Appartenevano (appartengono) ad un signore anziano, simpatico, sveglio. Più lo guardavo e più cresceva quella sensazione che proviamo quando ci confrontiamo con una certa impalpabile familiarità. Ma è stato nel momento in cui ho chiesto nome e cognome che tutte le tessere del puzzle sono andate al loro posto: Mario Bonetti, nato a Viareggio. Mario Bonetti, fratello di Umberto, che il 7 maggio compirà 102 anni. Un fenomeno, ultimo di quattro fratelli: Uberto appunto, nato il 31 gennaio 1909, Bianca, moglie di Giovanni Menghino Lazzerini, deceduta a 89 anni e Giulio che è vissuto fino ai 99 anni. Mario che nel 1943, all’età di 23 anni, era radiotelegrafista a bordo del cacciatorpediniere Gioberti, colpito dai siluri e affondato al largo di Punta Mesco. Dei 200 uomini a bordo, metà furono i dispersi in mare. Lui si salvò e, finita la guerra, entrò in comune come geometra per rimanerci fino alla pensione.

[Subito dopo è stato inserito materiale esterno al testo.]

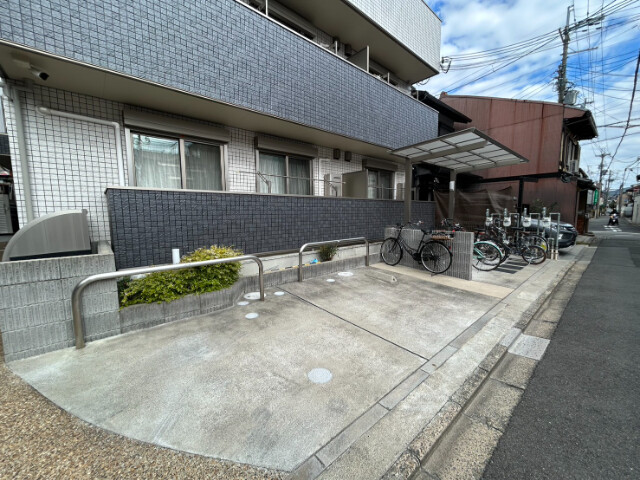 24/25 エントランス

Guardando i suoi occhi ho pensato a tutto ciò che avevano visto; al fianco del fratello, per le vie e le piazze della nostra città, incontrando chissà quali personaggi e mi sono detto come sarebbe bello che i nostri occhi potessero trasformarsi in “Proiettori all’incontrario”, capaci di recuperare e diffondere scene dei film delle nostre vite.Anche per questo, prima che Mario se ne andasse, mi sono permesso di fargli una domanda: “Anche Lei – ho chiesto – ha uno spirito artistico?”. Mi ha ascoltato attentamente, mi ha guardato intensamente (ecco di nuovo quegli occhi…) e, accompagnando i gesti con un mezzo sorrisetto che ho immaginato stamparsi sul suo volto, ha tirato fuori dalla tasca un portafoglio da cui, tra chissà quali altri ricordi, ha fatto uscire una foto spiegazzata e, mostrandola, ha detto: “Mi diverto a fare delle cosette. Ora, ad esempio, sto finendo questa cosa qua… “ e mi ha mostrato l’immagine che pubblico. Una meraviglia, con le navi che – ha aggiunto – si muovono attorno al faro… e lo ha precisato come se fosse la cosa più normale del mondo. Applausi!
PS – I genitori di Mario erano Pietro Bonetti ed Emilia Giannessi, sorella di Umberto, proprio uno dei fondatori della Croce Verde.